Based on Robert Hagstrom’s book, AAII developed a stock screen that is built into Stock Investor Pro, AAII’s fundamental stock screening and research database program. The parameters of our Buffett–Hagstrom screen appear in the box below.
- Market capitalization greater than or equal to $1 billion dollars
- Positive operating income for the trailing 12 months (sum of the last four quarters) and each of the last seven fiscal years
- Current return on equity greater than 15%
- Return on equity for each of the last three fiscal years greater than 15%
- Current debt-to-equity ratio better than the industry’s current median debt-to-equity ratio
- Current operating margin greater than the industry’s current median operating margin
- Current net profit margin greater than the industry’s current median net profit margin
- Price change greater than book value change over the last five years
- The 30 companies with the lowest ratio of price/free cash flow to growth rate in free cash flow pass
Each month, the AAII Web site (www.aaii.com) provides a listing of the companies passing the Buffett–Hagstrom screen and tracks the performance of these stocks in a hypothetical portfolio.

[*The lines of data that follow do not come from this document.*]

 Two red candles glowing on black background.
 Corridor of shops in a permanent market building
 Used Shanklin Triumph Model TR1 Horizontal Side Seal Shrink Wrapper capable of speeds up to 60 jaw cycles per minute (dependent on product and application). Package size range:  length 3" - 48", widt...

Figure 1 illustrates that the Buffett–Hagstrom screen has produced returns that are significantly higher than that of large-cap companies (as measured by the S&P 500 index) over the study period, which began in January of 1998. Through the end of October 2009, the Buffett–Hagstrom screen has generated a cumulative price gain of 319.8%, for an annualized gain of 12.9%.
By comparison, the S&P 500 has gained a cumulative total of 6.8% over the same time period.
Profile of Passing Companies
Hagstrom writes that Buffett looks for companies generating excess free cash flow, which may be used to acquire strong companies or repurchase shares. However, as Hagstrom explains, companies with higher growth deserve to trade at higher multiples than slower growing companies. To adjust for varying growth rates, the price-to-free-cash-flow ratio is divided by the growth rate in free cash flow to help equate value to growth. Each month, AAII.com tracks the 30 companies passing the Buffett–Hagstrom screen with the lowest ratios of free-cash-flow multiple to growth rate. As of November 6, however, only 25 companies passed the screen; they are shown in Table 1 ranked in ascending order by this ratio.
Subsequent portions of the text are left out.